John Dominic Crossan, Jesus Seminar

  • Thread starter Thread starter Catholic_Dude
  • Start date Start date
Status
Not open for further replies.
C

Catholic_Dude

Guest
I tried to put this on ask an apologist, but i dont know if it was sent properly… I lost the original, so here is a recap

Can someone give me some info on John Dominc Crossan and the Jesus seminar. Especially the stuff where Crossan says that Jesus was left up on the cross or eaten by dogs and that the ressurection was made up by the apostles.
I dont know what to say when my “professor” tells this stuff to the class. Now Crossan has a book out about Paul, and says that Paul want really talking about Jesus in his writings!

I went onto westarinstitute.org/ the Jesus Seminar page, and it had an anit Catholic letter at the bottom. As I checked out the page, one thing that seems absurd to me is how it talked about how they take a vote on differnent topics to see if what the New Testament says about Jesus really happened. and give it a kind of A-F grade.

Again, I dont know how to defend my faith against these “scholars”, so i am asking you guys. In my opinion this is serious stuff, more so that the Davinci Code
 
Just read Luke Timothy Johnson’s “The Real Jesus: The Misguided Quest for the Historical Jesus”

amazon.com/exec/obidos/ASIN/0060641665/qid=1102210670/sr=2-1/ref=pd_ka_b_2_1/104-7411259-4373527

Professor Johnson is very critical of the Jesus Seminar in the book. He takes them to task for taking the Gospel of Thomas out of second century gnosticism and attributing them to the first Christians. The JS only found 5 sayings in the GoT which are taken straight from the synoptics!

But what I agree with most is Johnson’s assertion that when you try to reconstruct history with only a limited amount of sources then any hackeneyed theory can be supported no matter how ludicrous the claim. In order to stand out from the crowd and sell books, a biblical scholar needs to come up with a new theory and does so by introducings suspect evidence or worse throwing out legitimate evidence.
 
Another good book which I am reading is Hidden Gospels: How the Search for Jesus Lost its Way. It’s by Phillip Jenkins. In his book Phillip Jenkins mostly looks at the context and motivations of the Jesus Seminar and what it claims as radical new discoveries are really just over-rated theories dating as far back as the 19th century. Another more conservative scholar critical of the Jesus Seminar’s methods is John P. Meier. I haven’t read any of his works, but I hear that they are good.
 
I thought Johnson’s The Real Jesus was all in all pretty fair, though I suppose when one wants to learn about a group one shouldn’t just read what their critics have to say about them. (i.e. I wouldn’t suggest anybody learn about the Catholic Church by reading Chick tracts. Not that I’m comparing LT Johnson to Jack Chick.)
 
40.png
Grolsch:
Just read Luke Timothy Johnson’s “The Real Jesus: The Misguided Quest for the Historical Jesus”

amazon.com/exec/obidos/ASIN/0060641665/qid=1102210670/sr=2-1/ref=pd_ka_b_2_1/104-7411259-4373527

Professor Johnson is very critical of the Jesus Seminar in the book.
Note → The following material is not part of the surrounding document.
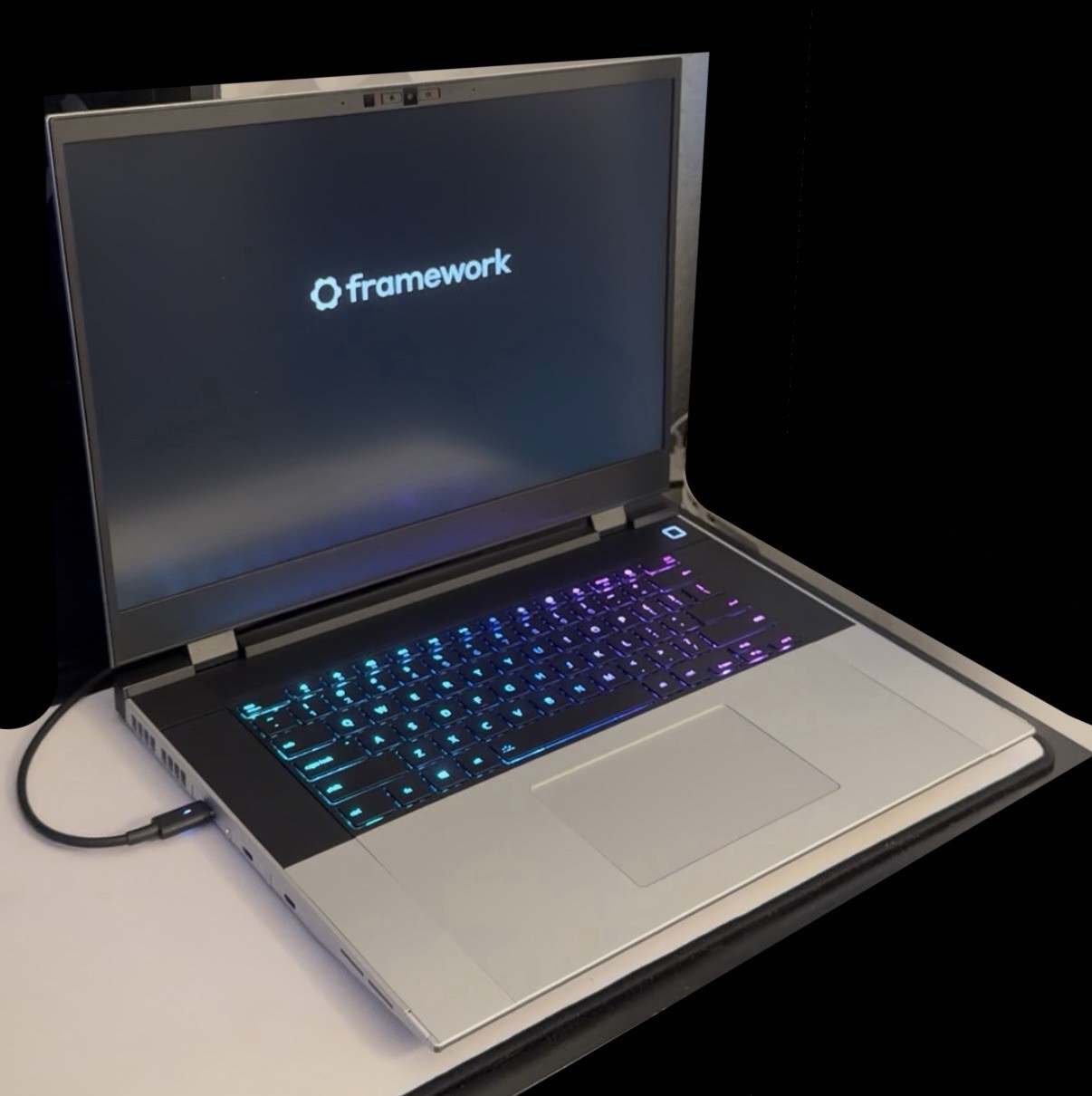 Framework Laptop 16 (AMD Ryzen 7040 Series) 512GB SSD and 16GB DDR5 Sodimm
He takes them to task for taking the Gospel of Thomas out of second century gnosticism and attributing them to the first Christians. The JS only found 5 sayings in the GoT which are taken straight from the synoptics!

But what I agree with most is Johnson’s assertion that when you try to reconstruct history with only a limited amount of sources then any hackeneyed theory can be supported no matter how ludicrous the claim.

That’s always a possibility - but the best answer to scholarship which draws too sweeping conclusions from such evidence as is available on whatever the subject of study might be, is scholarship that makes proper use of the evidence.​

Not wanting to derail the thread - just trying to stop all OT & NT scholarship being trashed en masse. There seems to be a terrible amount of suspicion of it - even among Catholics. 😦 (My knowledge of the Jesus Seminar is very slight - I never heard of them until quite recently) That having been said, scholarship is not “bad” merely because it is radical or shocking. Some of Father de Vaux’s work on the early history of Israel is disconcerting, if one is a Fundamentalist - but he was not a sensation-seeker. ##
In order to stand out from the crowd and sell books, a biblical scholar needs to come up with a new theory and does so by introducings suspect evidence or worse throwing out legitimate evidence.
As to that - it’s a bit sweeping. Most Biblical scholarship gets on very well without making “ludicrous claims”. It’s a pity if people have heard only of the Jesus Seminar - they are not the entire community of Biblical scholarship - as this thread shows.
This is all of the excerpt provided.